Custom Integration to import long term statistics from a file like csv or tsv

Hi @TTr0n
sorry, I do not understand your question. The timestamp must be available, it must be an exact hour (no minutes, no seconds), and it must be formatted in a ways that python/pandas understands it. When you use the timestamp as in the example files, you are on a safe path

Your example shows 07.01.2024 23:00 , my “Timestamp” is 1710601200
Do i have to convert this to 16.03.2024 16:00 ?

Yes, you have to.

Thx for the answer.
For using this, i need hour based data, but what to do, if i have some hours without any data? Do I really have to add every single hour from 0-23?
What about the missing hours? Do I have to fill them in manually?

And second question:
Your integration puts the data into statistics table and there i need a sum value, because its a counter value with state/sum.
Whats the best practice in m case? Delete the last 4 days in statistics table and generate this data new with the data from statistics_short_term combined with the old data from 2023 till 13.03. ? Or does it matter and my old data can also start by zero ?

Regarding the first question, look at Custom Integration to import long term statistics from a file like csv or tsv - #30 by kaandorp.

Regarding the second question, I would keep the existing data, adjust the sum value accordingly (just because typically you want to keep your data).

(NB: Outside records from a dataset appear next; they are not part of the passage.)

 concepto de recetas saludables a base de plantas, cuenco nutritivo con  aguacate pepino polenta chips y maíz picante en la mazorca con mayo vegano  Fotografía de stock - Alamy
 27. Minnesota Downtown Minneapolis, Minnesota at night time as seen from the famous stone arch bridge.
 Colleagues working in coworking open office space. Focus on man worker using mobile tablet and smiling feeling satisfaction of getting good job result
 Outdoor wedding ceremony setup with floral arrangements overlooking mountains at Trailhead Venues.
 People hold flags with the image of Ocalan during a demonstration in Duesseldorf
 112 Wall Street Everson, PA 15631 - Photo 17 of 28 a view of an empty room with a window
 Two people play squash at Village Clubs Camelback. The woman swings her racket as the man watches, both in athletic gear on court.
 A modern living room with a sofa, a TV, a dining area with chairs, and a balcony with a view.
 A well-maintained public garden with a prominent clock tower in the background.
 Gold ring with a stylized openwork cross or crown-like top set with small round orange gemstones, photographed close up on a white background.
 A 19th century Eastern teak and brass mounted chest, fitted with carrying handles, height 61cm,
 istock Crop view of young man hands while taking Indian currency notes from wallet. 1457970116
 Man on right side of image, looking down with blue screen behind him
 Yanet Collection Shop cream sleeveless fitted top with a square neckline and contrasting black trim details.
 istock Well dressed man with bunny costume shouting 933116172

There is also some discussion above.

As I am just testing anyhow:

When you do not set values every hour, the standard historical graph will look like here on the right side:

whereas on the left side there is data every hour. So, its up to you

I just released version 1.0.0, not marked as beta/pre-release anymore.

The main changes are that now there are much more checks in the integration, so you if something is wrong, you will get an error in the GUI, instead of in the recorder logs.

And importing external statistics works now (not sure if this is needed anyhow …)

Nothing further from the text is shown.